■ Problem to work on ■
Of the lines below, reproduce exactly those from the line containing "0000 Van Horn" to the end, including both the first and the last.

- - - -

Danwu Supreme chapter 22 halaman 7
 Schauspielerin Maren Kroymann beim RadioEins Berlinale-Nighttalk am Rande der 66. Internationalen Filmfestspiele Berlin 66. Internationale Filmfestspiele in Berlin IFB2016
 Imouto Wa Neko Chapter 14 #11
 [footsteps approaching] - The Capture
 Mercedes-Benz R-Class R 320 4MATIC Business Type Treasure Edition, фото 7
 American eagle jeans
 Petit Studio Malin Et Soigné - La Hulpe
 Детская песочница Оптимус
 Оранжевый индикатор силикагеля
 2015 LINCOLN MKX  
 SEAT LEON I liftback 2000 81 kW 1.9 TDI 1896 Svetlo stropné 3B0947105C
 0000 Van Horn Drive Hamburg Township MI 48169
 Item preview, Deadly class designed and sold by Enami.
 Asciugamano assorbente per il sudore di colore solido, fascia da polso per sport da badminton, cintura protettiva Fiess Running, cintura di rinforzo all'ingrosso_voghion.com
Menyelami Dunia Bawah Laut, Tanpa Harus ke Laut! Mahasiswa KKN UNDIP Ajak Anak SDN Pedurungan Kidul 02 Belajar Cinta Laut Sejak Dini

- - - -

■ Problem solution ■
 0000 Van Horn Drive Hamburg Township MI 48169
 Item preview, Deadly class designed and sold by Enami.
 Asciugamano assorbente per il sudore di colore solido, fascia da polso per sport da badminton, cintura protettiva Fiess Running, cintura di rinforzo all'ingrosso_voghion.com
Menyelami Dunia Bawah Laut, Tanpa Harus ke Laut! Mahasiswa KKN UNDIP Ajak Anak SDN Pedurungan Kidul 02 Belajar Cinta Laut Sejak Dini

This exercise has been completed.